Exercise data
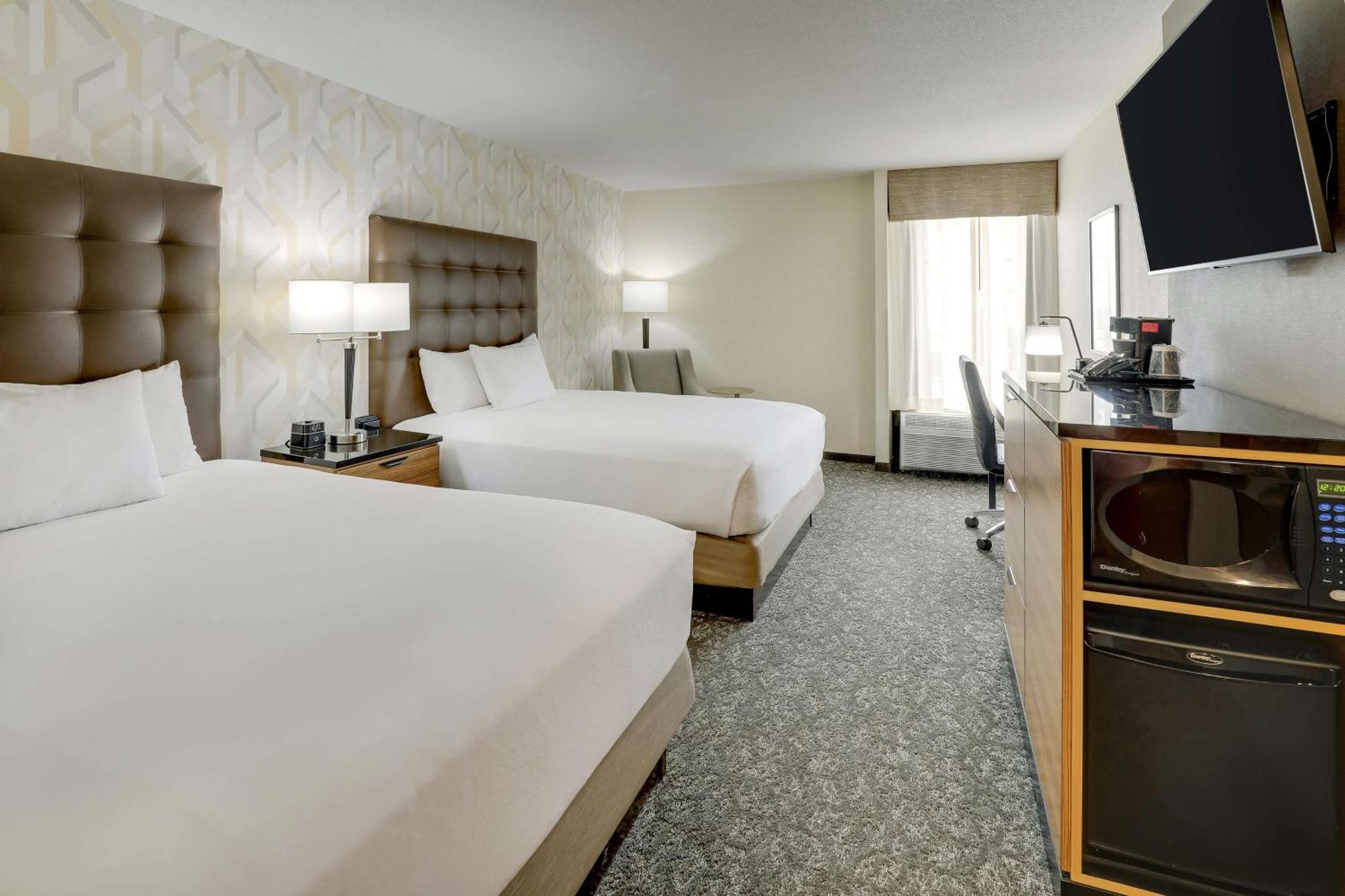 Drury Inn & Suites Birmingham Lakeshore Drive ภายนอก รูปภาพ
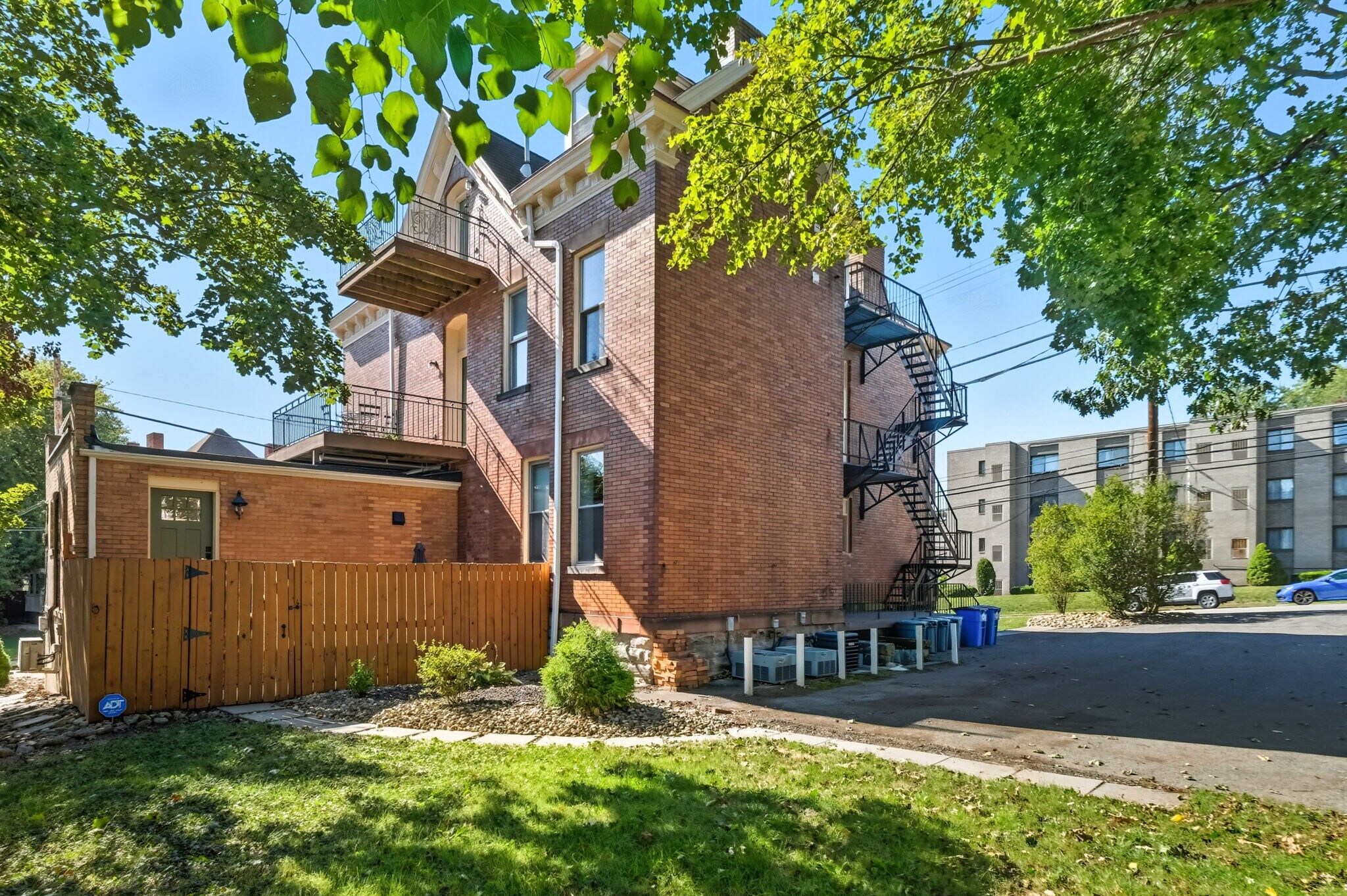 Building Photo - 480 Orchard Ave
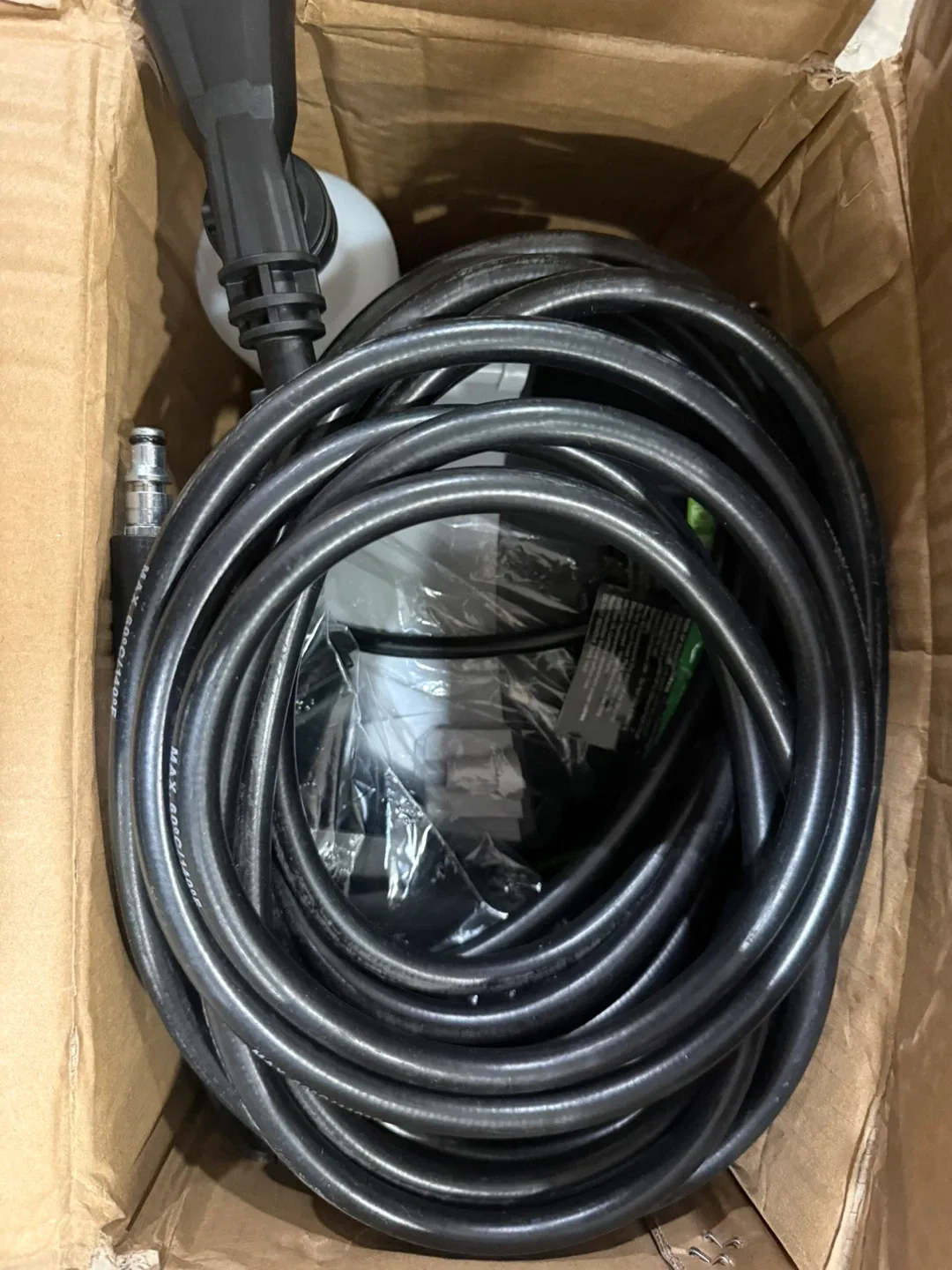 1600W Heavy Duty Pressure Washer - Like New! image indicator(2)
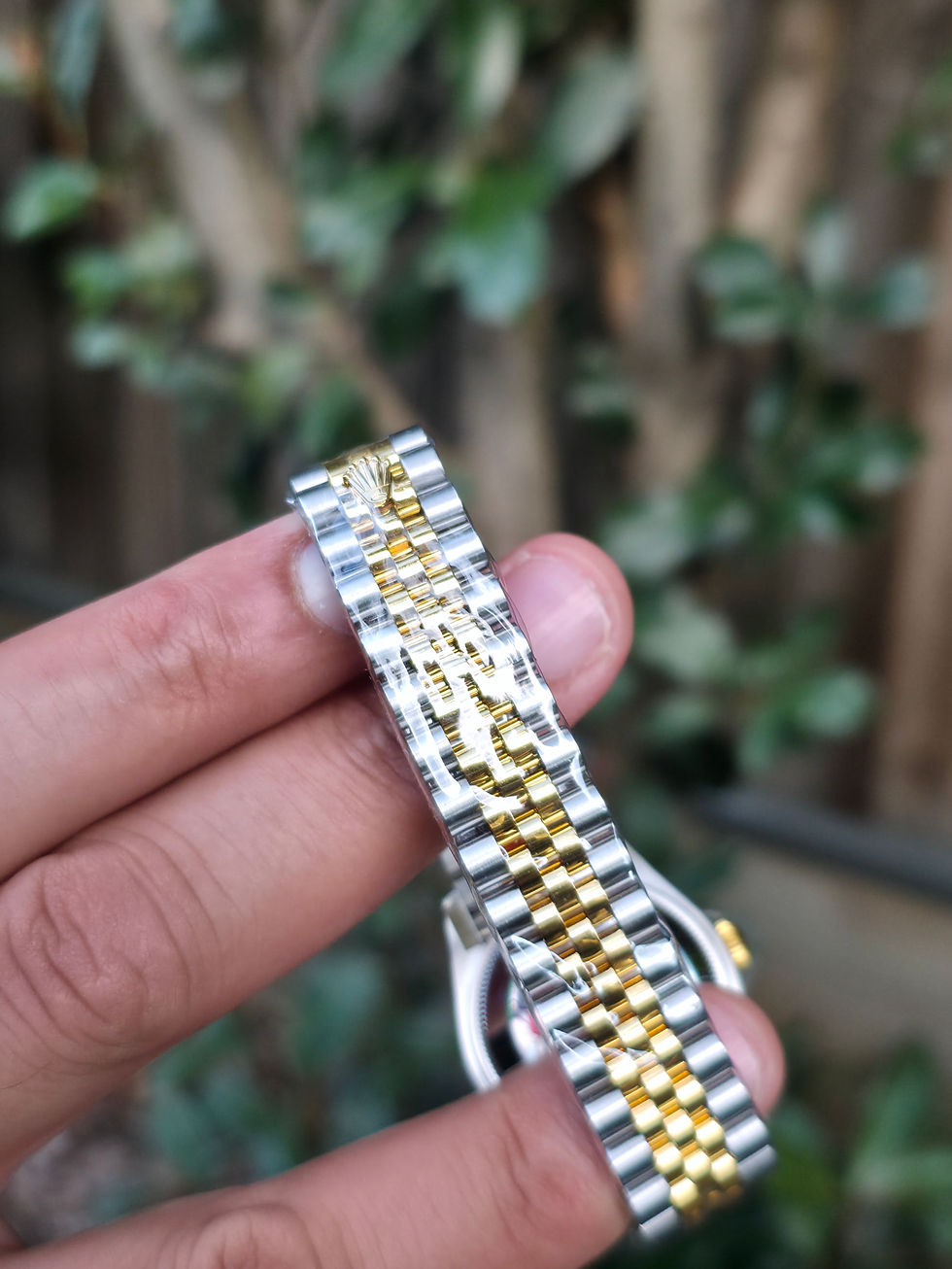 Thumbnail: Date Just 31 ARF Green and Gold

Required work
Without including any picture, reproduce the material above word for word.

Response box
 Drury Inn & Suites Birmingham Lakeshore Drive ภายนอก รูปภาพ
 Building Photo - 480 Orchard Ave
 1600W Heavy Duty Pressure Washer - Like New! image indicator(2)
 Thumbnail: Date Just 31 ARF Green and Gold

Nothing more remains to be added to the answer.